Пьетро очистил сваренное в крутую куриное яйцо и стал его есть, закусывая черным хлебом, с уложенным на него толстым слоем вкусного коровьего масла, откусывая от большого белого гриба, засоленного в этом году. Потом он взял расстегай и съел его, запивая теплым жирным молоком. Кофе в доме Акима пока не пили, поэтому итальянец тяжело вздохнул, вспомнив его бодрящий аромат. Странно, в его родную Венецию кофе привезли из Османской империи, которая ближе территориально и даже по духу, московитам, а они не пьют этот чудесный напиток. Эх, сейчас бы чашечку кофе, — подумал Пьетро, но выдохнул и сделал глоток молока.
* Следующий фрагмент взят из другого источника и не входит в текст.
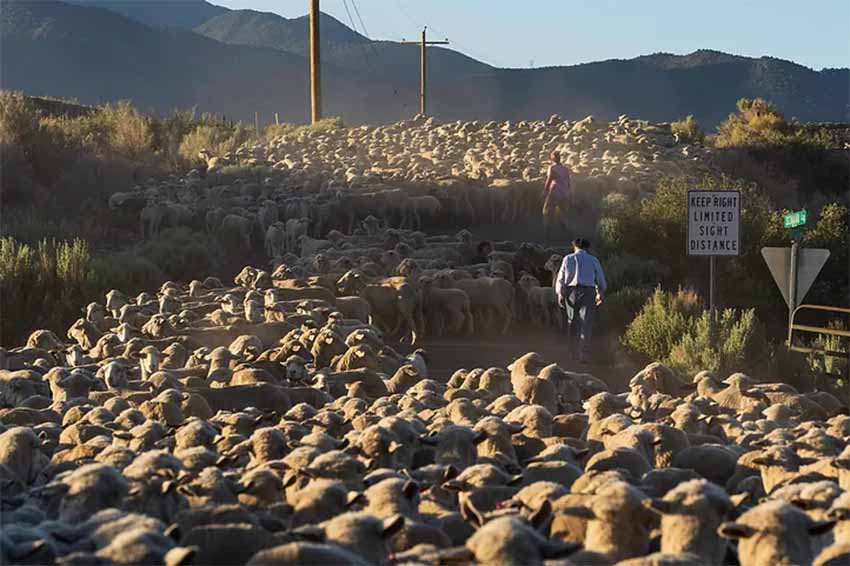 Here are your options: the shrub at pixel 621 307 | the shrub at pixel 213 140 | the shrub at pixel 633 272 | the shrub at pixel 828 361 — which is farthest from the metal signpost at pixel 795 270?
the shrub at pixel 213 140

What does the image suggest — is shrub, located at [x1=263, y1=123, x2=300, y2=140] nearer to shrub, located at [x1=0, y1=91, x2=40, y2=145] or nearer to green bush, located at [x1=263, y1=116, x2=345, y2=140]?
green bush, located at [x1=263, y1=116, x2=345, y2=140]

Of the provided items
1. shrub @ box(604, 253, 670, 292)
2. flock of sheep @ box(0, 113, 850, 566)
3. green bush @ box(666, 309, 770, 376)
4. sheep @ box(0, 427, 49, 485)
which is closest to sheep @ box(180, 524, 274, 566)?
flock of sheep @ box(0, 113, 850, 566)

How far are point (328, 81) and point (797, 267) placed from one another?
139291mm

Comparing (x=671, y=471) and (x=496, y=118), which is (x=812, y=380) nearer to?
(x=671, y=471)

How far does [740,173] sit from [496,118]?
99076 mm

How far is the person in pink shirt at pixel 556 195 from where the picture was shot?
93.6 feet

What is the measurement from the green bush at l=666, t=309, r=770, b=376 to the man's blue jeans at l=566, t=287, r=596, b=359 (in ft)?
3.64

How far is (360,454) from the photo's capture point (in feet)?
28.1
— Как спалось? — в комнату вошел Аким, как всегда бодрый, жизнерадостный и улыбающийся. — Не болит голова? Проголодался? Я вот тоже!
— Садись рядом, все очень вкусно, — Пьетро пригласил хозяина присоединиться к его трапезе и составить ему компанию, а дворовый мальчишка уже отодвинул стул.
Аким опустился на стул рядом, протянув руку взял большой кусок мяса, бросил его на ломоть черного хлеба, откусил, стал жевать и потом посмотрел с хитрецой на итальянца.
— На днях приезжал ко мне в дом сын воеводы, — проговорил он медленно с расстановкой, внимательно изучая мимику гостя. Тот не дрогнул. — Хотел встретиться с тобой, об чем-то поговорить... Паула тебе сказывала?
Итальянец был невозмутим и ждал продолжения. Прошло два дня с того вечера, как он разговаривал с Паулой о молодом Морозове. Он обещал ей наутро дать знать боярину о своей готовности к встрече, но ни на следующий день, ни через день, Пьетро так и не попросил хозяина дома об отправке человека к Морозовым. Наоборот, он попросил того не спешить с этим делом. И вот его русский компаньон сам вновь поднял вопрос, коий не покидал ум итальянца. Аким знал, что Пьетро наверняка догадывается, о чем он хочет с ним говорить, но от реакции итальянца хотел понять насколько быть откровенным.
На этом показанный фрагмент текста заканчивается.